New Invisible QR Codes Could Thwart Counterfeiters
It's the invisible ink of childhood, all grown up and with a serious purpose.
Researchers have developed a high-tech ink, which they used to print QR (quick response) codes that are invisible in daylight and indoor light. Once placed under a laser, however, the codes light up, like fluorescent green-and-blue versions of the codes sometimes found on ads and signs. These invisible QR codes could someday provide a difficult-to-counterfeit verification mark for currency and more, the code's creators say.
"Printing currency is but one application where this technology could be used," Jon Kellar, a South Dakota School of Mines & Technology engineer who led the development of the glowing code, told InnovationNewsDaily in an email. "It could be used with other legal documents, or protection against counterfeiting of any solid object."
To make the codes, Kellar and his colleagues developed special inks from nanosize particles of rare earth metals and other chemicals.

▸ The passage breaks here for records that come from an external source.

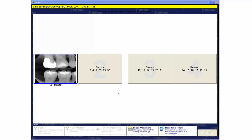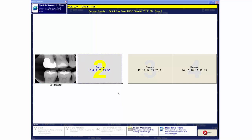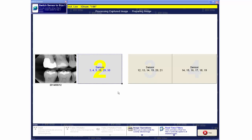The operator then repositions the sensor and captures the next image in the ByteWing series, which is then displayed by X-VLite.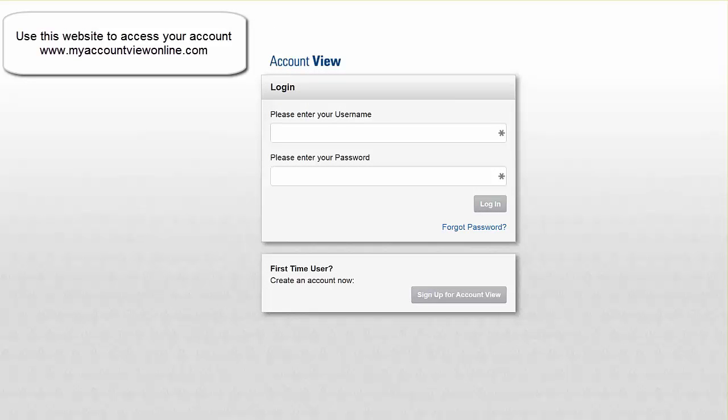But today I want to show you just how easy it is to create your account for the very first time. So here we're going to enter, or actually click first time user.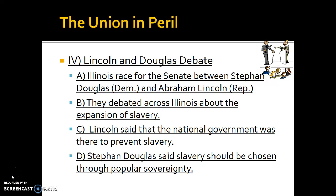Good Mythical Afternoon ladies and gentlemen, this is Mr. A with another video lesson for you. This one's going to be a little bit different. We're actually going to be focusing on Lincoln's House Divided speech, but before we begin that, we need to look at some of the prior information.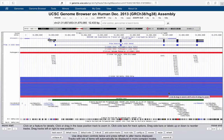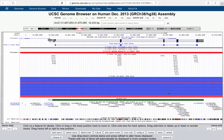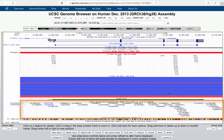144 refers to the version of the dbSNP database, so you want to make sure you're looking at the same version across tracks. dbSNP is a database of SNPs, and what UCSC does here is break it down into sub-tracks so you can understand which are the common SNPs and which are rare.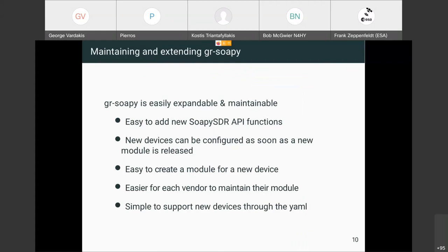The main advantage of using SoapySDR is the ability to add new devices very easily. As soon as a vendor implements the SoapySDR module for their device, they can publish it and the hardware can be used very fast. It's also very easy to write the module, and easy to introduce new API functions into the main SoapySDR project in case a new device has a new feature that isn't already supported.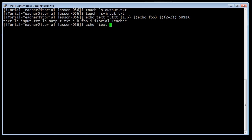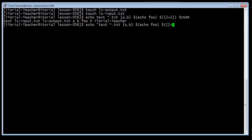Now type this: echo "text *.txt {a,b} $(echo foo) $((2+2)) $USER" — then click return. Now type this: echo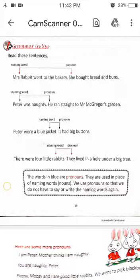And in the last sentence: there were four little rabbits. They lived in a hole under a big tree. Here, rabbits is the naming word and 'they' replaces rabbits. So 'they' is a pronoun.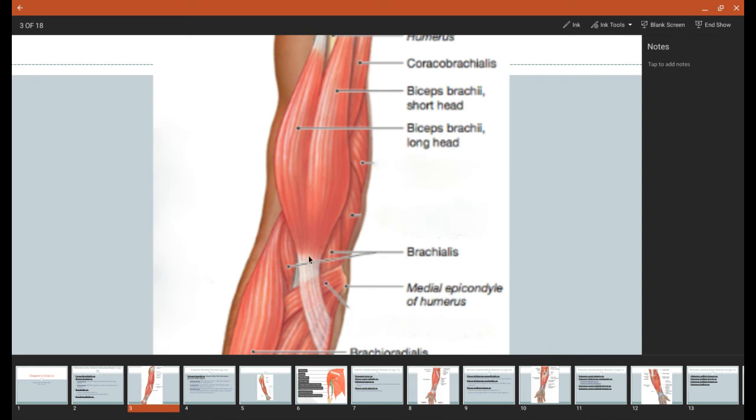What the brachialis muscle does is because it only crosses this elbow joint, it only has one action here, and it's just going to be flexion of the forearm. And it's going to be innervated by a couple of nerves. Musculocutaneous will innervate parts of it. The median nerve and the radial nerves will also innervate different parts of brachialis.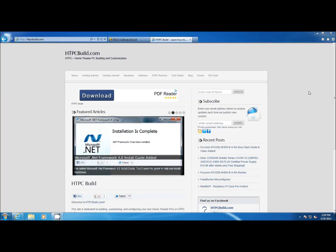This video is brought to you by HTPCBuild.com. We're going to cover how to add SABnzbd categories.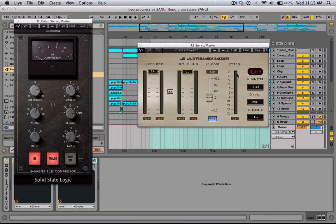Subtle limiting, because you don't want to over-compress. You want to let things breathe and have it feel more spacious and alive. So I'm going to play this out and just boost the makeup while looking at the reduction meter.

When hit with near-infrared laser light, the chemicals give off higher-energy wavelengths of light, creating a bright color that people can see. Kellar and his teammates made two colors of inks, blue and green. Once made visible by infrared light, the codes are readable by any smartphone equipped with a QR-reading app.
The infrared laser is key. Most fluorescent dyes are read using a higher-energy laser. The techniques for making and reading this infrared-activated fluorescent ink are newer and less known, so they're more difficult to reproduce, Kellar said.
He and a team of materials scientists and chemists in South Dakota developed another security feature for their codes. They found they could use a high-tech printer, called an aerosol jet printer, to print small letters inside the QR codes that don't affect smartphones' ability to read them. They were able to print letters so small they require a microscope to see, as well as letters visible to the naked eye.
The inks could be used to print anything, including bar codes, Kellar said. He and his colleagues decided to print QR codes because they are able to hold 100 times more information than bar codes. The researchers thought they would work well for security, although they are not typically used for security applications now.
The inks work on paper, glass and a plastic film called Kapton, which is used in spacesuits and electronics, Kellar and his colleagues reported in their paper published today (Sept. 12) in the journal Nanotechonology. They also reported their QR codes, when printed onto paper, are still readable after being folded 50 times.
The inks and codes are on their way to real products, Kellar said, although he declined to provide details. "We are currently working with a private sector company to commercialize the technology," he said.